According to history, the newspaper was distributed to as few as 200 subscribers in 1879. Growth was rapid, as subscriptions reached 500 the first few years and 1,800 by 1894.
Like the county's growth in the last 50 years, The Crittenden Press' growth has been steady. Circulation today is 4,300.
Walter Walker succeeded his father, R.C. Walker, as publisher of The Crittenden Press. He was followed by S.M. Jenkins and W.F. Hogard and his son Wilson Hogard.
The Hogards sold the newspaper to J.I. Brown, who owned it until 1955 when it was purchased by Charles E. Pepper.
Current ownership by the Mick family started in 1960, when Evers Mick branched out of his role as a radio announcer in Madisonville to embark on a career in print media.
Evers Mick was editor and publisher for nearly 10 years, with assistance from his wife, Lucille, and high school-age son, Paul. Evers Mick died suddenly on Christmas Day in 1969 at which time his son a 1969 graduate of Murray State University took the reins.
While Lucille Mick was not involved in the day-to-day operation of The Crittenden Press between 1969 and her death in 1989, she maintained close ties to the family business, helping out in the newspaper office from time to time. Through the 1970s and 1980s, a third generation of Micks, Allison, was introduced to the newspaper. As a teen-ager, she took photographs, worked in the darkroom and delivered newspapers.
Paul Mick published the newspaper until his tragic murder in 1990. At that time, John Lucas, a long-time Press editor, took over daily operations. Mick's wife, Nancy, remained as the company president and eventually served as publisher from 1993-1998.
In 1993, Ms. Mick hired Chris Evans to become only the second editor in more than 20 years at the newspaper. Evans, whose journalism career began in 1979 in Tennessee, had worked at The Press in the late 1980s as a reporter before spending five years at the Paducah Sun. Evans returned to Crittenden County and married Paul and Nancy Mick's oldest daughter, Allison. The couple operates the newspaper and they have three children, two daughters, Meredith Kate and Elliot Drew, and a son, Benjamin Paul.
Ms. Mick died in March of 2000.
Today, Evans and his wife Allison Mick-Evans own and operate the newspaper, which is still printed each week in Marion.
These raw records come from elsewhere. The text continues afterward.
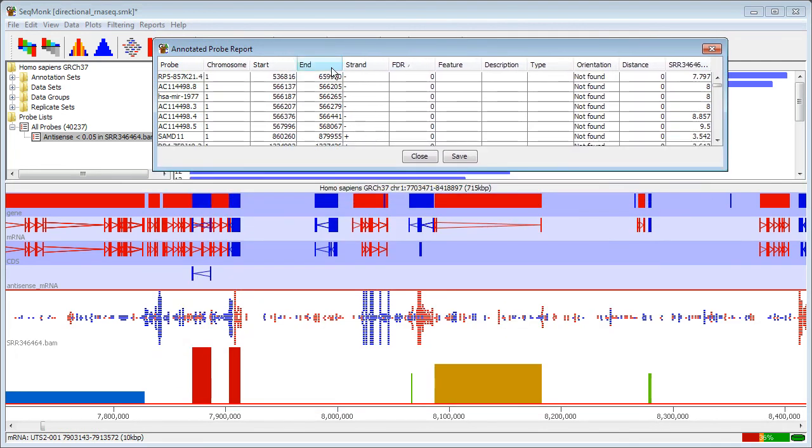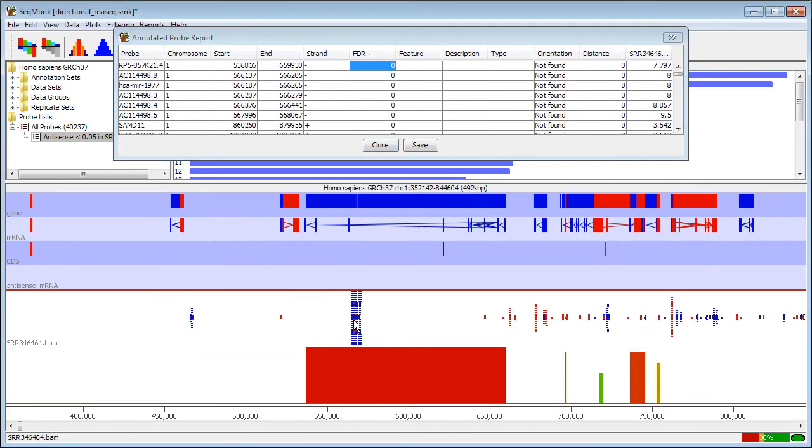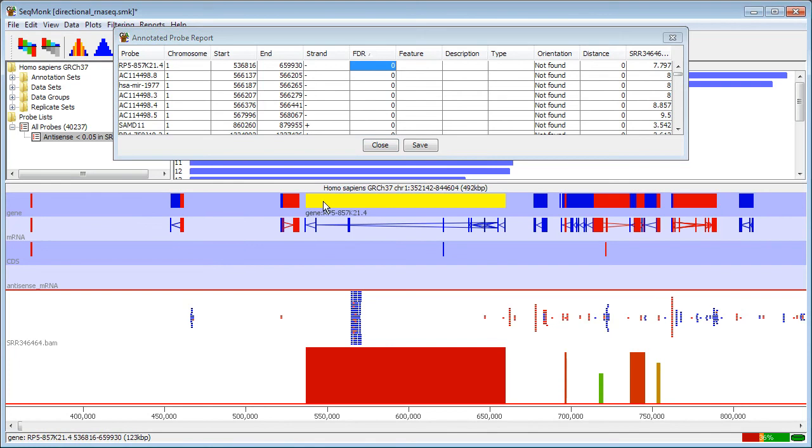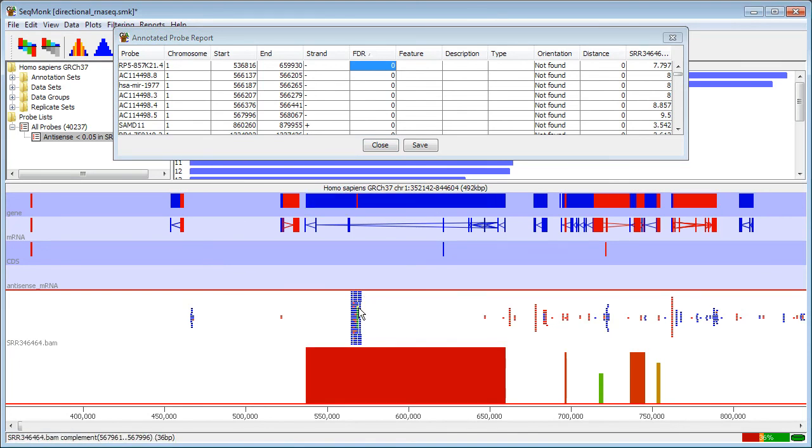I can see that I have a set of hits now, and if I look at these I should be able to see that in this case here I have a reverse gene with a set of reverse reads, which would be antisense transcription because this is an opposing library.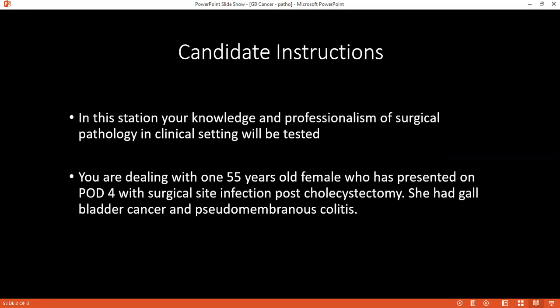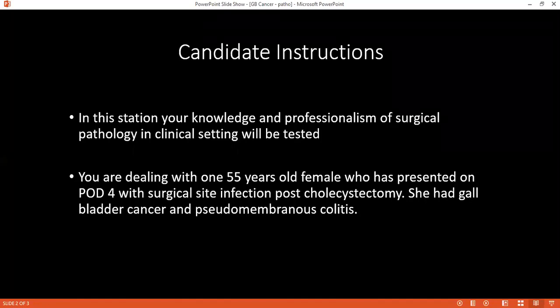How should pseudomembranous colitis be managed and monitored? I will investigate the patient with a full blood count, abdominal X-ray, and C-reactive protein. For monitoring progress, I will monitor clinically — checking whether fever settles and blood counts return to normal. That is how I would monitor the patient — by blood parameters.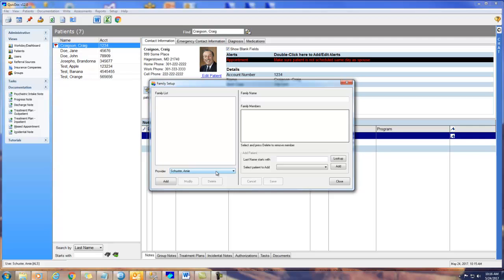If you're not a system administrator, you can set your family groups, but you need to have access to all members based on either having access to all patients in the system, being the primary provider for all members of that family group, or being granted access to that family member by the primary provider.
It is one of the last family-owned newspapers in the state and the only locally-owned weekly west of Louisville that maintains its own printing press.
The Crittenden Press, Inc., which includes a second publication, The Early Bird, and a commercial printing division, has a staff of 13 employees. One employee in the production department, Faye Conger, has worked there for more than 25 years.
The award-winning weekly newspaper is considered one of the state's best in its category. A strong commitment to community news and professional reporting is testament to The Crittenden Press' longevity. The Press has been recognized many times by the Kentucky Press Association for its high journalistic standards.
Throughout its history, the newspaper has published a single issue every week except one. That was in 1999 when a B1 Bomber jet crashed shortly after the latest issue of The Press hit the streets. In a rare move, the newspaper published a second edition that day and had it on sale less than two hours after the jet had crashed into a firey ball just north of town near Mattoon.